When a consignment enters or leaves a distribution center, it is a general practice to scan each package to a different status code. The application contains various forms for tracking the status of a shipment. When the form displays a consignment with many packages, this can result in a huge number of scans (rows) in the history, so in practice what is done is to simply construct a delimited list of package numbers that were each scanned to a status.

When you’ve got 999 packages in a consignment, this will still result in a pretty long list of package numbers.

Both in commerce and science, we already have a way of representing ordered lists of ‘broken sequences.’ This allows us to describe islands of unbroken sequences economically as, for example, ‘2-8, 10-16, 18-24, 26-32, 34-40, 42-48. Even better, we can intermix these with the usual delimited list. ‘1, 2, 5-9’. The unbroken sequence from 1 to 100 would be very economically rendered as ‘1-100’, and it is easy to understand.

Sometimes it makes sense to use this representation of a sequence within an application. How can we handle this in SQL, turning it into a form that is easily manipulated by that relational system, and then back again into a text-based, delimited list? I’ll be showing you how in this article. I’ll first suggest how to condense a delimited list of integer package numbers into a list of unbroken ‘islands,’ show how to determine when these islands are missing packages and then go in the other direction by ‘exploding’ a condensed list.

If you’re a SQL enthusiast, you may want to look ahead to “The Final Word” section to see what algorithms will be combined in this article’s examples.

Data Setup

In order to explain and demonstrate the concept of condensing a delimited list, we’ll need to start by creating some sample data. For this, we’ll create two tables:

  1. The first will contain a row set where the primary key the consignment number (a “class” of items) and also the package (or item) number within the class.
  2. The second table will contain the same consignment number key but in its second column will be a delimited list of the packages that appeared as separate rows in our first table.

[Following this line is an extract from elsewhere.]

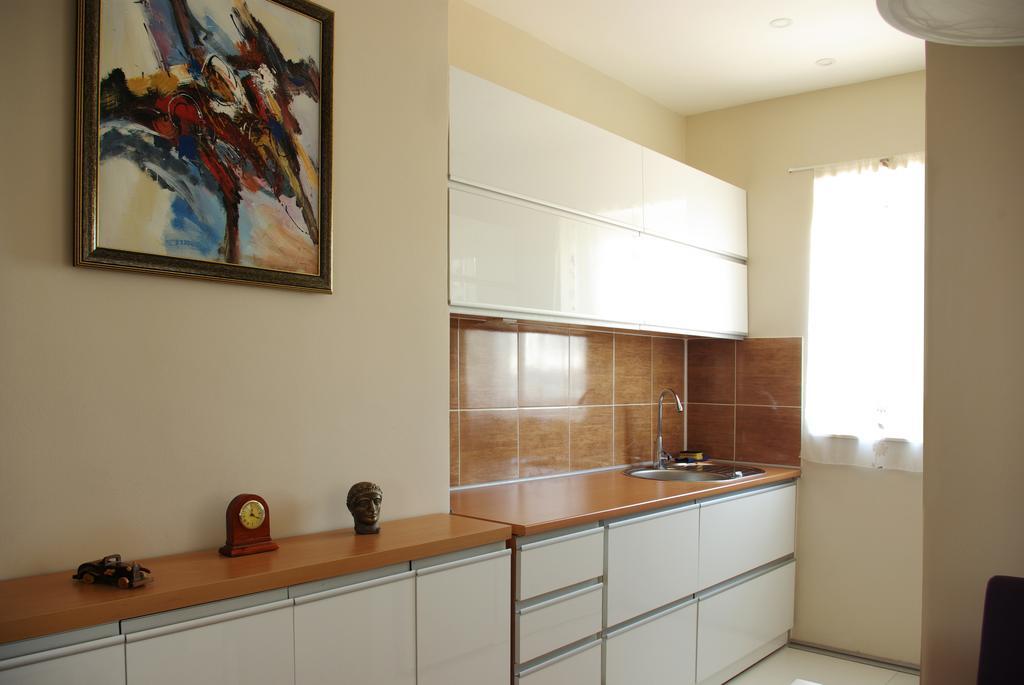 Square Studio Apartment Ni Dış mekan fotoğraf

Let’s create and populate the first table (#ConsignmentHistory). For the purposes of our examples, we’re ignoring the status code that we mentioned above, or really what we’re doing is assuming that all of these examples are scans to the same status code.

-- Create our Consignment History table
CREATE TABLE #ConsignmentHistory
(
	ConsignmentNo      VARCHAR(20),
	PkgNo              INT,
    PRIMARY KEY (ConsignmentNo, PkgNo)
);

-- Insert some small sequences of packages
INSERT INTO #ConsignmentHistory
SELECT '2322',1 UNION ALL SELECT '2322',3 UNION ALL SELECT '2322',4
UNION ALL SELECT '2343',1 UNION ALL SELECT '2343',2 UNION ALL SELECT '2343',5 
UNION ALL SELECT '2343',6
UNION ALL SELECT '7611',1 UNION ALL SELECT '7611',2 UNION ALL SELECT '7611',4 
UNION ALL SELECT '7611',6  
UNION ALL SELECT '5195',7 UNION ALL SELECT '5195',1 UNION ALL SELECT '5195',2 
UNION ALL SELECT '5195',5;

-- Insert a longer sequence of packages with some gaps
WITH Tally (n) AS (
    SELECT number
    FROM [master].dbo.spt_values
    WHERE [Type] = 'P' AND Number BETWEEN 1 AND 50)
INSERT INTO #ConsignmentHistory
SELECT '4385', n
FROM Tally
WHERE 1 <> n%8;

-- Insert the longest sequence of packages with no gaps
WITH Tally (n) AS (
    SELECT number
    FROM [master].dbo.spt_values
    WHERE [Type] = 'P' AND Number BETWEEN 1 AND 100)
INSERT INTO #ConsignmentHistory
SELECT '6377', n
FROM Tally;

SELECT *
FROM #ConsignmentHistory
ORDER BY ConsignmentNo, PkgNo;

Note that for each of the consignment numbers except the last, there exist some gaps in the package numbers. We can use the familiar FOR XML PATH method within a correlated sub-query to populate our second table, where the second column contains an ordered delimited list of the PkgNos.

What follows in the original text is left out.